Occupy Philly Protester Encourages ‘November 5th: Bank Transfer Day’

christianChristian strolls through Dilworth Plaza’s Occupy Philly mashup sporting an ungroomed beard, shaggy hair and a small sign reading, ‘November 5th: Bank Transfer Day.’ He’s by himself, but come the aforementioned date, Christian, who did not provide a last name, plans to be one of thousands.

“I’ve been encouraging people to go to local credit unions,” he says. “They’re more invested in the local community, but it’s also a message. If on the fifth, millions of dollars are leaving banks in a single day, that’s something those people will understand [he points to the Market Street Wells Fargo bank behind his head]. They don’t understand messages. They understand numbers.”

Christian, at Occupy Philly from Somers Point, New Jersey, says he supports local credit unions because they “only give out loans that are going to succeed whereas the larger banks, they don’t care if you succeed.” Christian says he didn’t come up with the idea. It’s been up online almost a month, and he believes November fifth, a Saturday this year, will be a date we all come to remember.

The movement was begun by Kristen Christian, a Los Angeles resident who described herself as “literally a private citizen who had enough,” to the Village Voice.
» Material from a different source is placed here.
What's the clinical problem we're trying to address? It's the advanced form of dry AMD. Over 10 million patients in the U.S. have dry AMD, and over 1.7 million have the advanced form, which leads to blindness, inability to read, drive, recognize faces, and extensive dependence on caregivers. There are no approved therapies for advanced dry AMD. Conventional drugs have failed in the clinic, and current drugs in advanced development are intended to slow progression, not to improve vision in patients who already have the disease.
She says the movement is not affiliated with Occupy Wall Street, though she has spoken to Occupy leaders in Los Angeles, Portland and San Francisco.
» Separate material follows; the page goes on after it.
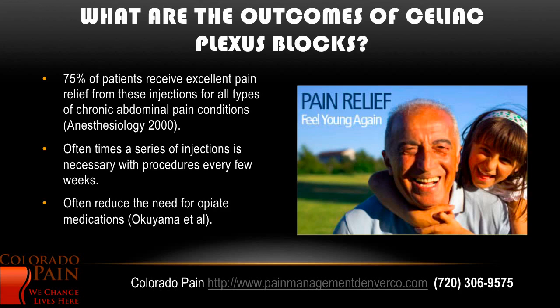What are the outcomes? Three-fourths of patients receive excellent pain relief from these injections for all types of chronic abdominal pain conditions. Oftentimes a series of injections is necessary every few weeks, and it can reduce the need for opiate medications. Opiate medications often don't do very well for abdominal pain, and this can reduce the need for them.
K. Christian put up a Facebook page on October 4 for the “event.” As of this afternoon, 63,377 Facebook users were “attending” and over 13,000 others were “maybe attending.”

Some have warned of problems if credit unions receive a huge influx of small balance accounts in one day. Though Credit Union National Association vice president of communications Mark Wolff told the Credit Union Times he welcomes the idea, saying it shows “just how angry consumers are becoming with their treatment by big banks.”
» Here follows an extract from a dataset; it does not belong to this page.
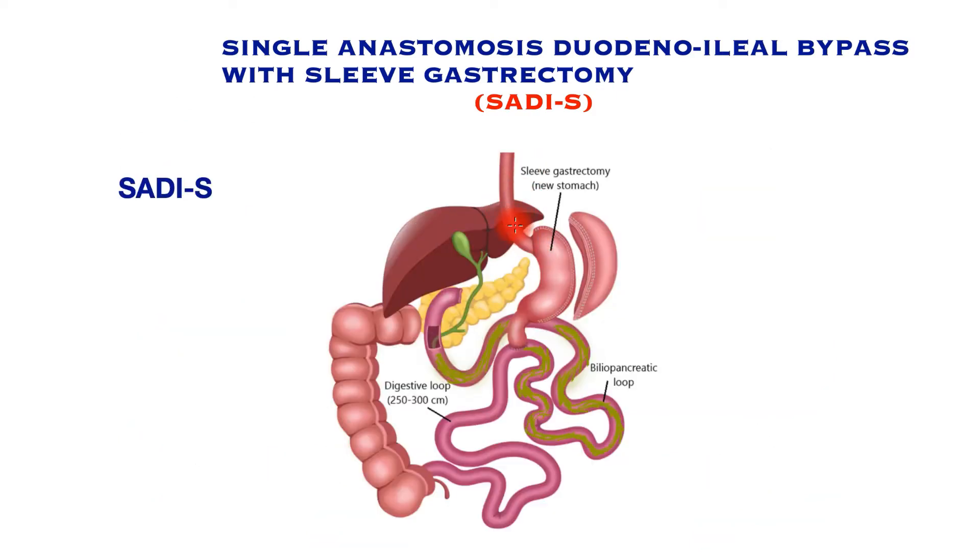In the final configuration, food comes down the gullet, enters the stomach, and then passes into the small bowel. The entry point of food into the bowel is a long way downstream from where the enzymes and bile enter — the biliopancreatic limb. Food essentially bypasses this limb before meeting with these enzymes and bile, and digestion takes place in a much shorter common channel, typically 250 to 300 centimeters in length.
Whether or not the tactic works is yet to be seen, but K. Christian, who plans to pull her funds on the 4th, told the Voice she understands why this particular idea has garnered so much support, perhaps backhandedly telling the Occupy Movement to get up, stand up.

“In terms of what you are going to accomplish with a sign, standing on the sidewalk — you can’t just sit in a public street until you get your way,” she told the Voice. “This is taking direct action, saying OK, we’ve had enough.”

Occupy Philly’s Christian agrees. “We’ll see what the numbers are like but I definitely think it’s a beautiful idea… [big bank executives], they understand numbers. So they need to see something done.”